▶ **Prompt**
Apart from the pictures, every entry should be reproduced exactly.

▶ **Records from a dataset**

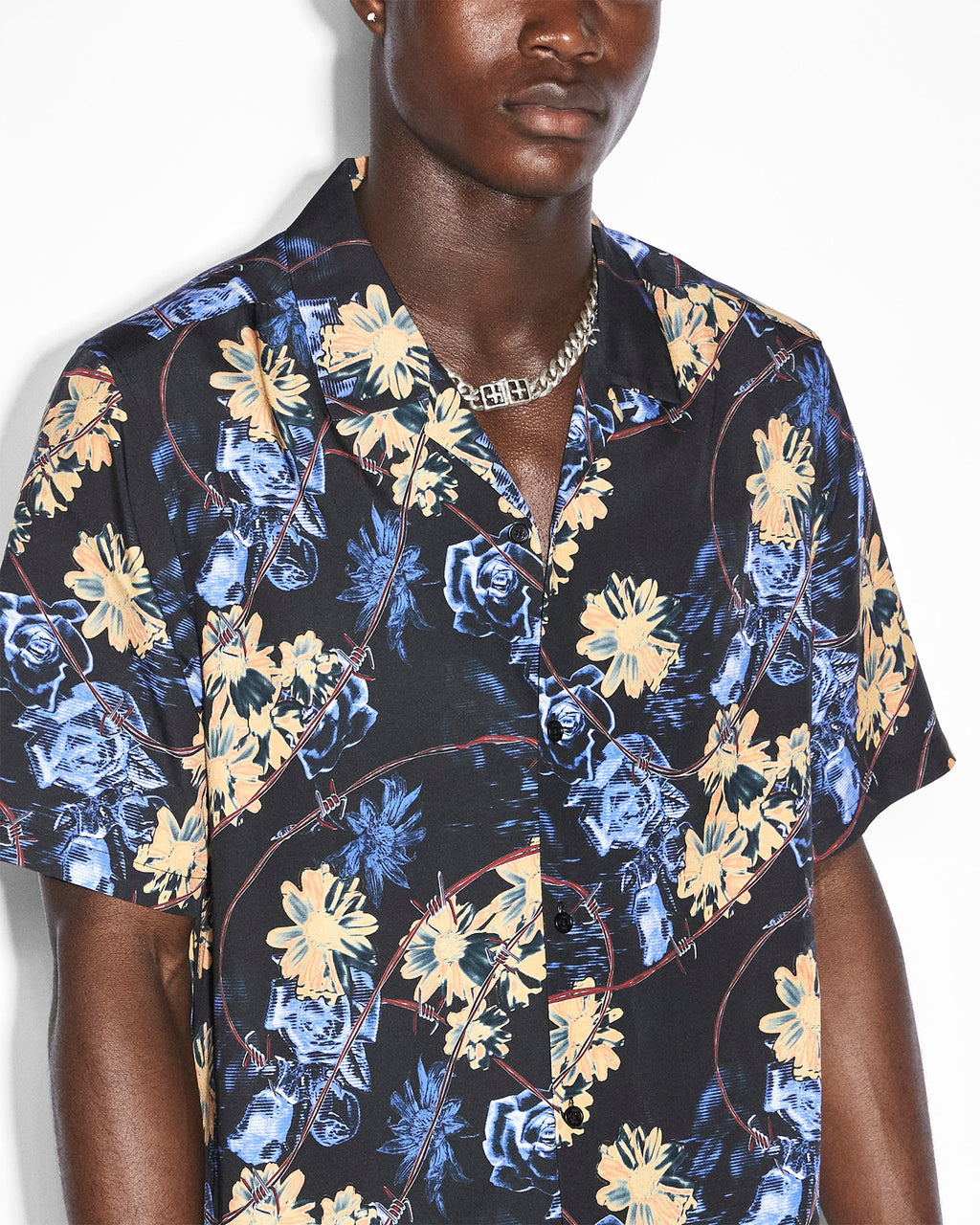 Mens Hyperflower Resort Ss Shirt Black Regular Shirts - Multi Colour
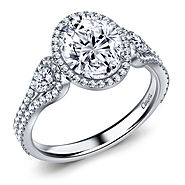 Diamond Halo Three Stone Engagement Ring in 14K White Gold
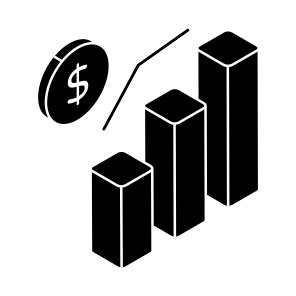 Financial Graph, Chart, Infographic, Statistics, Growth icon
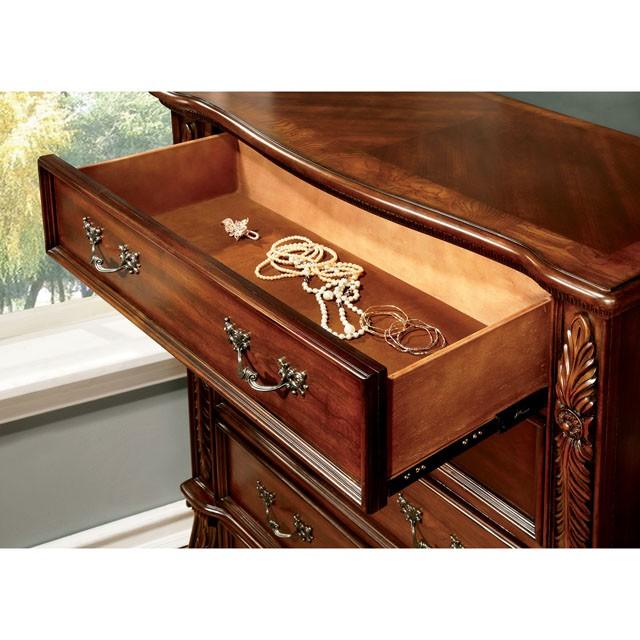 Arthur CM7587C Brown Cherry Traditional Chest By Furniture Of America - sofafair.com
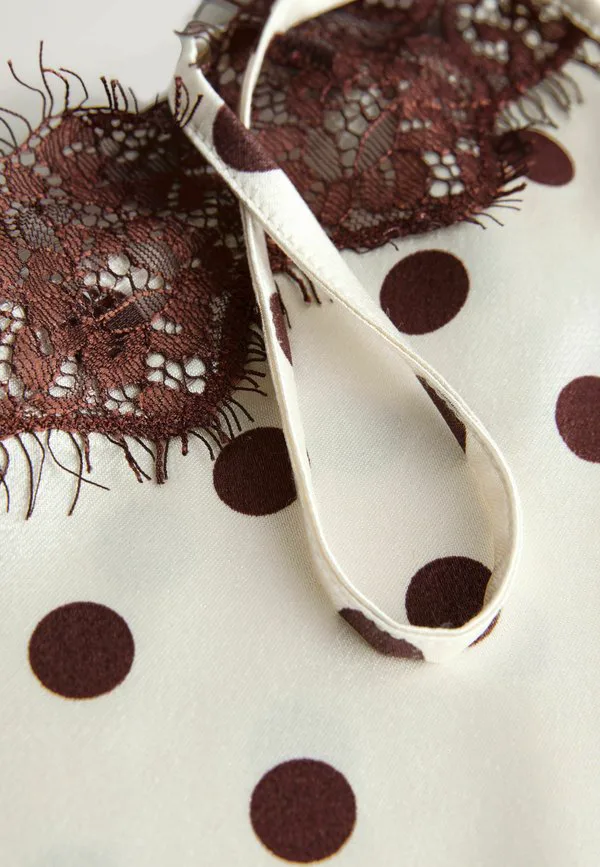 Топ-Майка стандартного кроя Next, Cream Chocolate Brown Polka Dot — фото 2
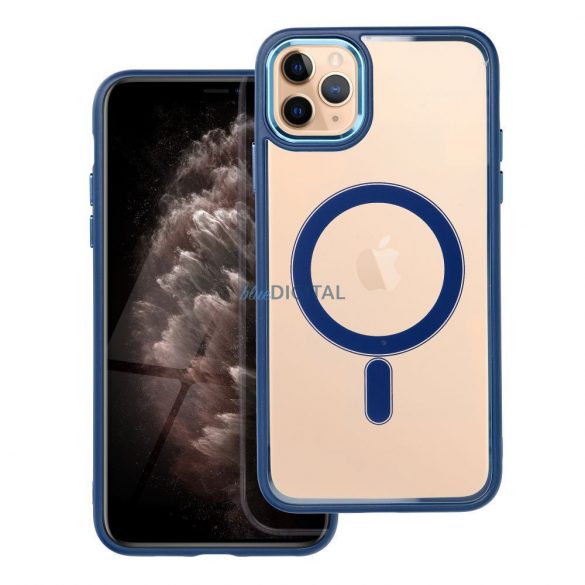 Husă din silicon pentru iPhone 11 Pro Max (6,5"), husă PC/TPU, casetă de stocare, cadru color, transparent/albastru, husă Color Edge Mag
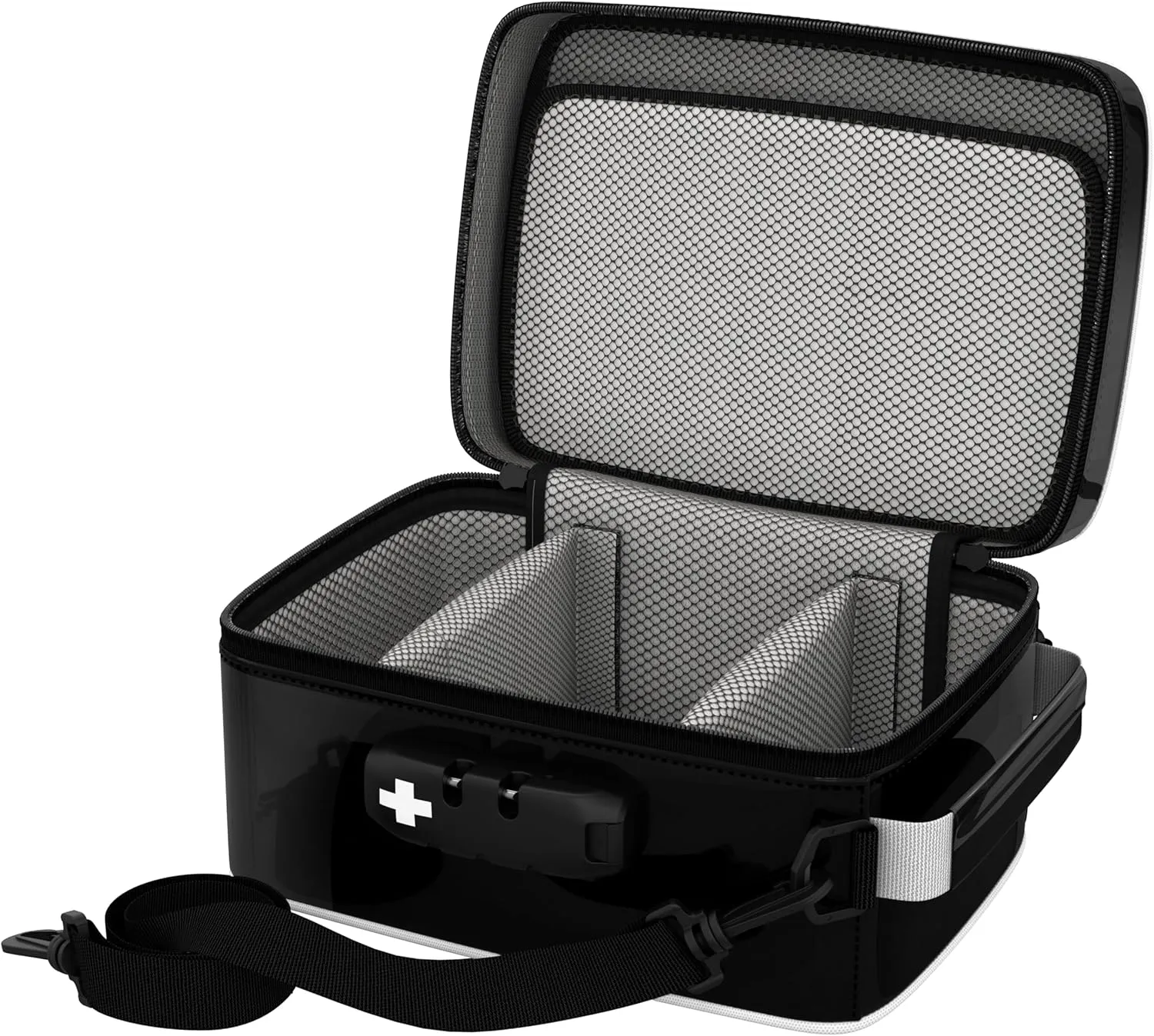 GREEN CROSS Medicine Bag with Combination Lock 8.5" x 5.5" x 4.5" (Black Vinyl)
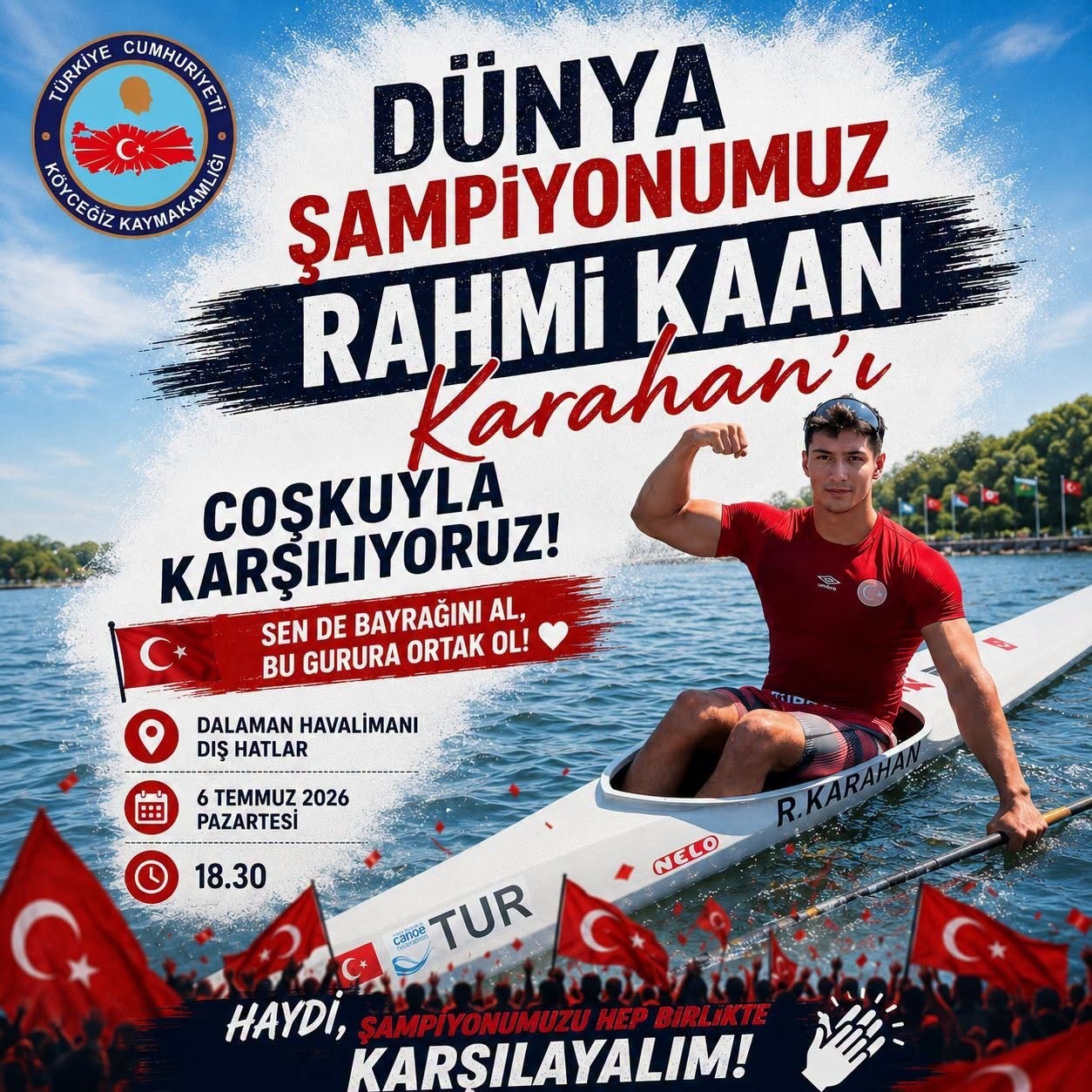 Köyceğizli Kanoda Dünya Şampiyonu Karahan, törenle karşılanacak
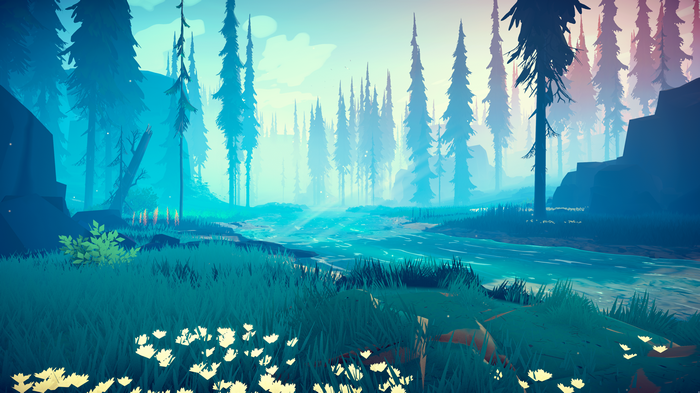 4K Among Trees Forest Landscape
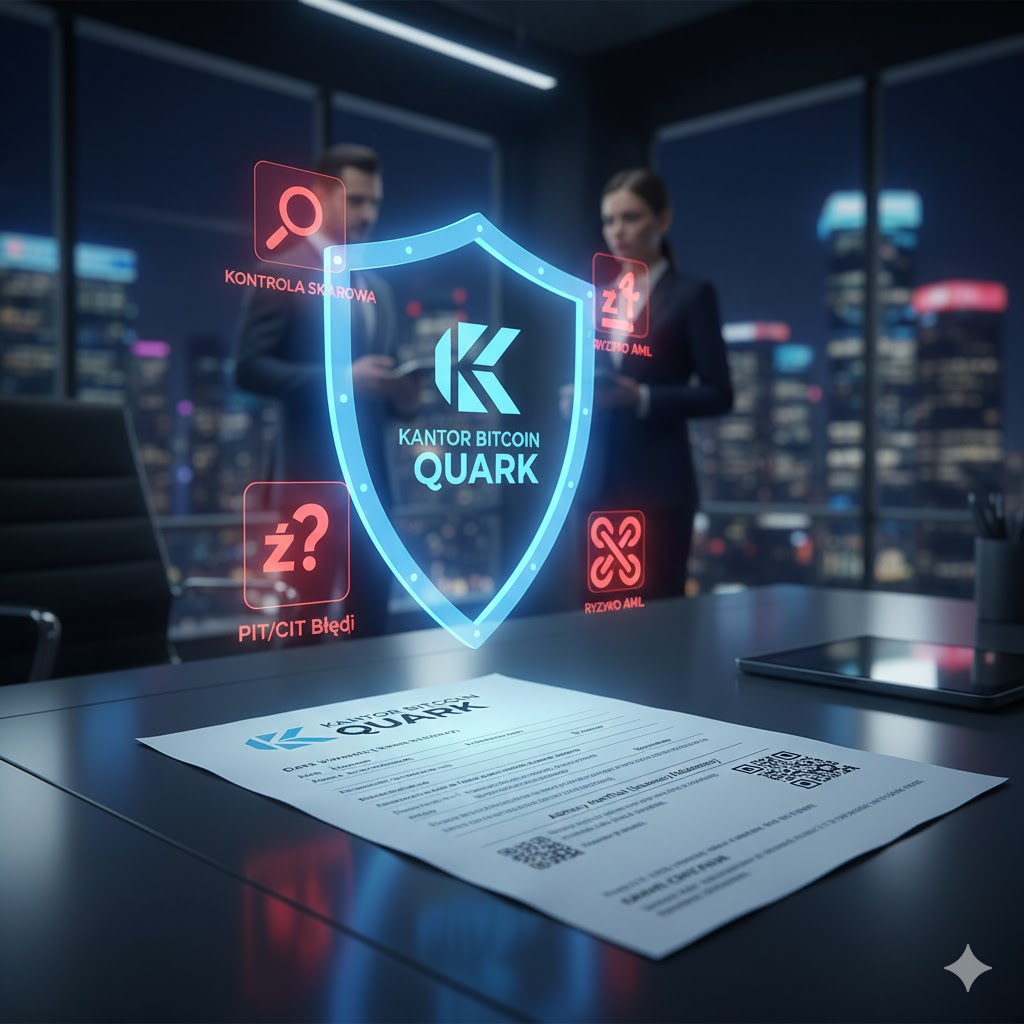 Rachunek Kantor Bitcoin Quark AML PIT/CIT: Eksperci analizują bezpieczeństwo transakcji krypto i dane compliance na przezroczystym interfejsie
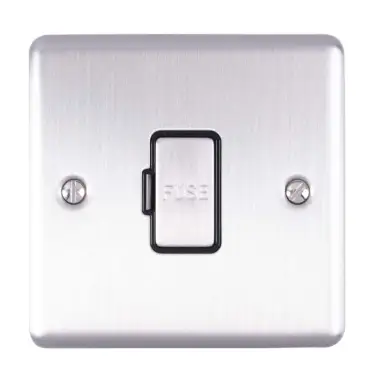 Click Here To Enlarge This Photo Of ENUSWFSSB - Eurolite 13Amp Unswitched Fuse Spur Satin Stainless Steel with Black Trim (Enhance Range)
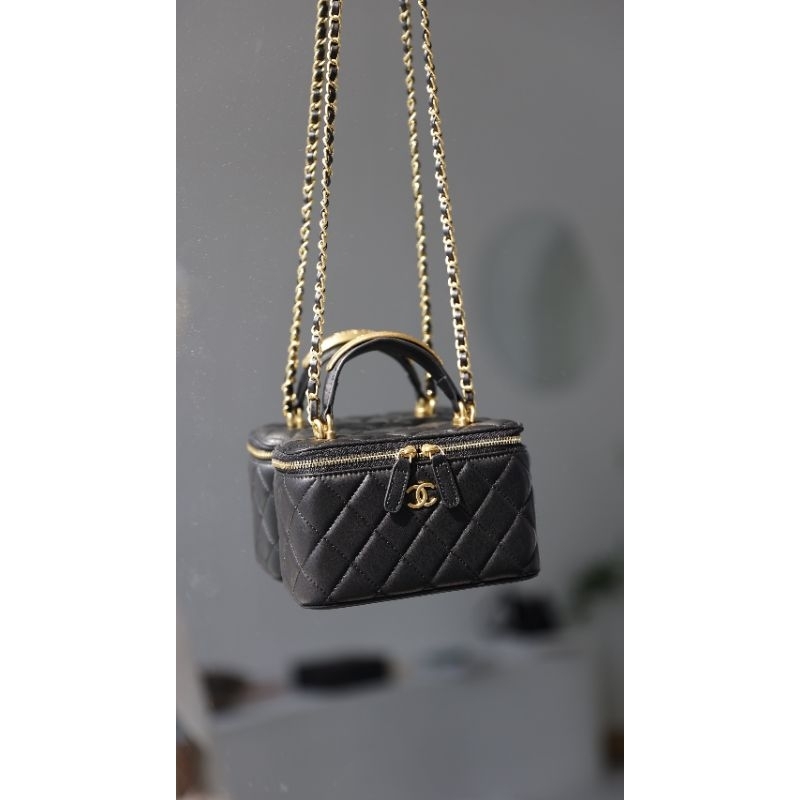 Túi xách nữ sang chảnh C.N Vanity 4 màu da bê 100% quai xách kim loại mới đẹp dã man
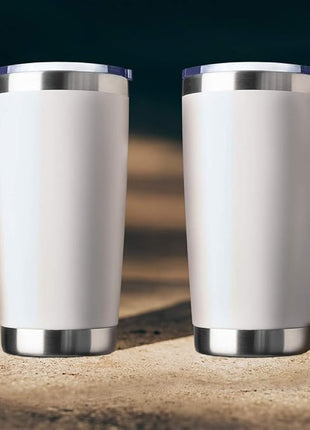 20oz Tumbler Bulk Stainless Steel Vacuum Insulated Tumblers with Lid Double Wall Travel Mug Durable Powder Coated Coffee Cup, Suitable for Ice Drinks and Hot Beverage (White 6pack)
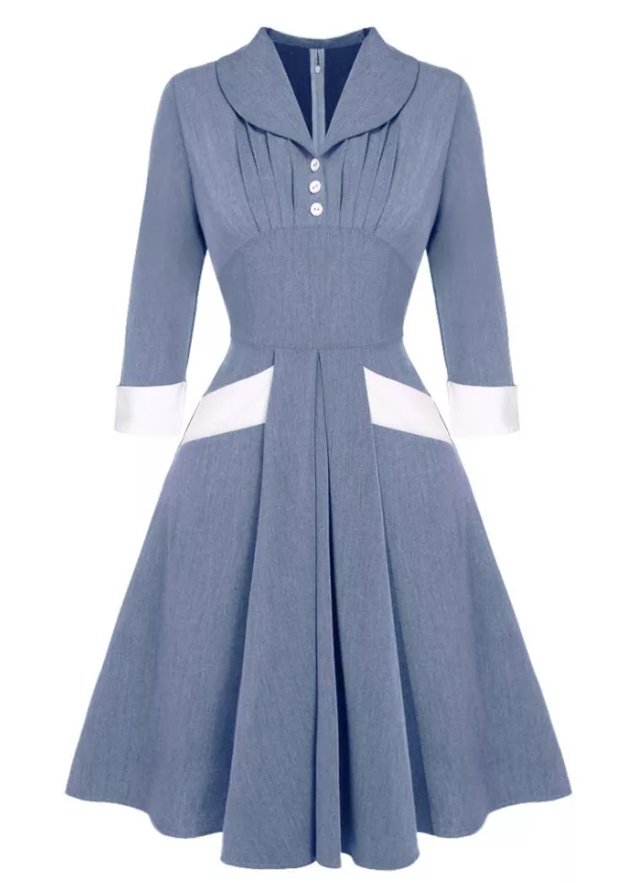 Blå plisseret vintage kjole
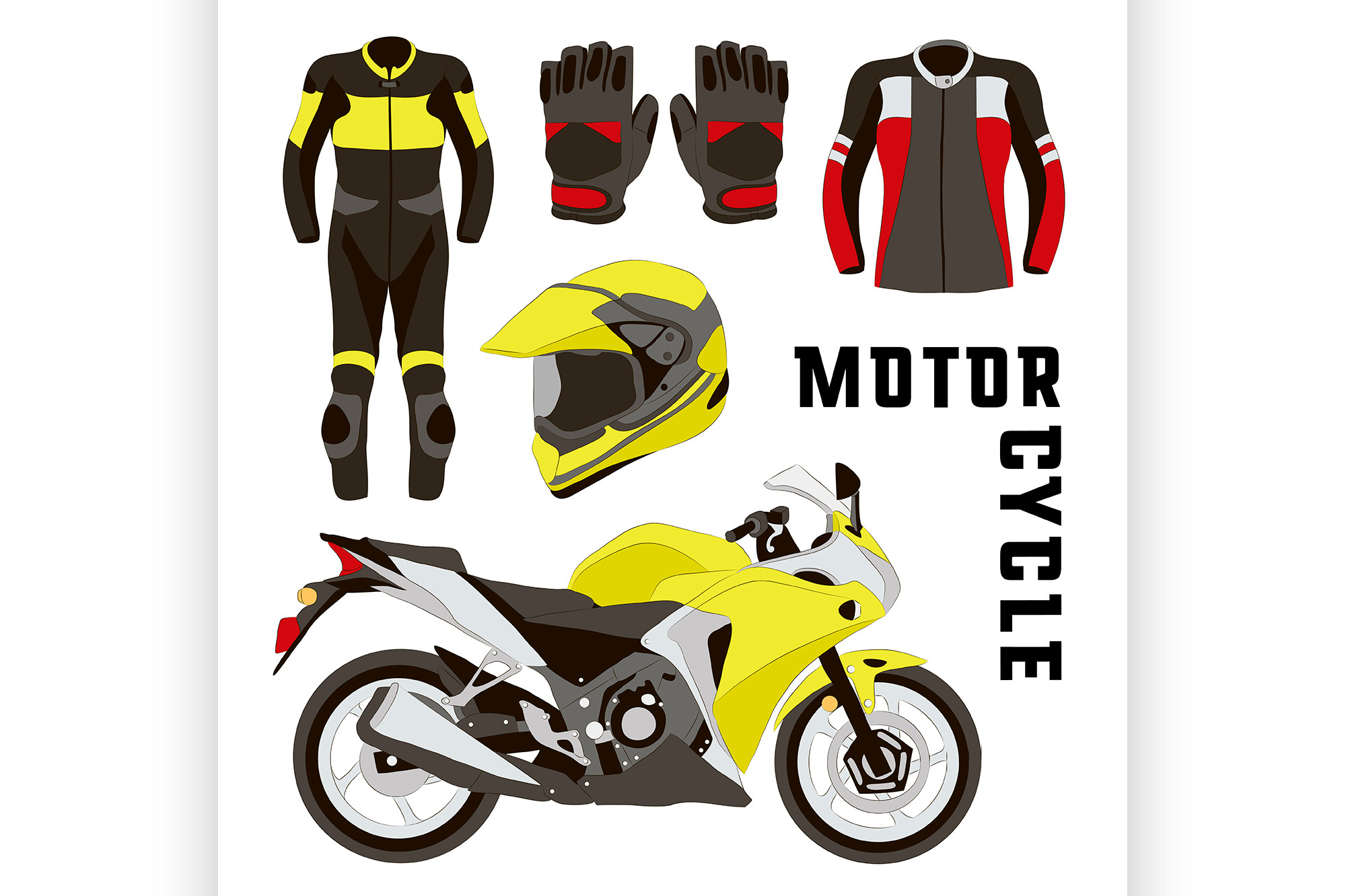 Vector Set Of Motorcycle Accessories by Netkoff  Creative Market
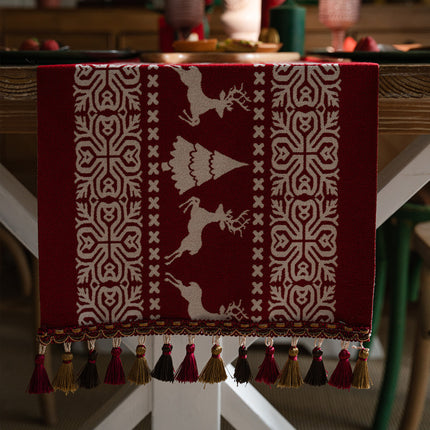 Christmas Table Runner - Christmas Tablecloth - Christmas Table Decoration - Christmas Decoration - Table Decoration - Reindeer - Christmas Tree - Snowflake - Holidays - Luxury Dinner - Winter - 35 x 180 cm - Red White - 1 Piece.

▶ **Your response**
 Mens Hyperflower Resort Ss Shirt Black Regular Shirts - Multi Colour
 Diamond Halo Three Stone Engagement Ring in 14K White Gold
 Financial Graph, Chart, Infographic, Statistics, Growth icon
 Arthur CM7587C Brown Cherry Traditional Chest By Furniture Of America - sofafair.com
 Топ-Майка стандартного кроя Next, Cream Chocolate Brown Polka Dot — фото 2
 Husă din silicon pentru iPhone 11 Pro Max (6,5"), husă PC/TPU, casetă de stocare, cadru color, transparent/albastru, husă Color Edge Mag
 GREEN CROSS Medicine Bag with Combination Lock 8.5" x 5.5" x 4.5" (Black Vinyl)
 Köyceğizli Kanoda Dünya Şampiyonu Karahan, törenle karşılanacak
 4K Among Trees Forest Landscape
 Rachunek Kantor Bitcoin Quark AML PIT/CIT: Eksperci analizują bezpieczeństwo transakcji krypto i dane compliance na przezroczystym interfejsie
 Click Here To Enlarge This Photo Of ENUSWFSSB - Eurolite 13Amp Unswitched Fuse Spur Satin Stainless Steel with Black Trim (Enhance Range)
 Túi xách nữ sang chảnh C.N Vanity 4 màu da bê 100% quai xách kim loại mới đẹp dã man
 20oz Tumbler Bulk Stainless Steel Vacuum Insulated Tumblers with Lid Double Wall Travel Mug Durable Powder Coated Coffee Cup, Suitable for Ice Drinks and Hot Beverage (White 6pack)
 Blå plisseret vintage kjole
 Vector Set Of Motorcycle Accessories by Netkoff  Creative Market
 Christmas Table Runner - Christmas Tablecloth - Christmas Table Decoration - Christmas Decoration - Table Decoration - Reindeer - Christmas Tree - Snowflake - Holidays - Luxury Dinner - Winter - 35 x 180 cm - Red White - 1 Piece.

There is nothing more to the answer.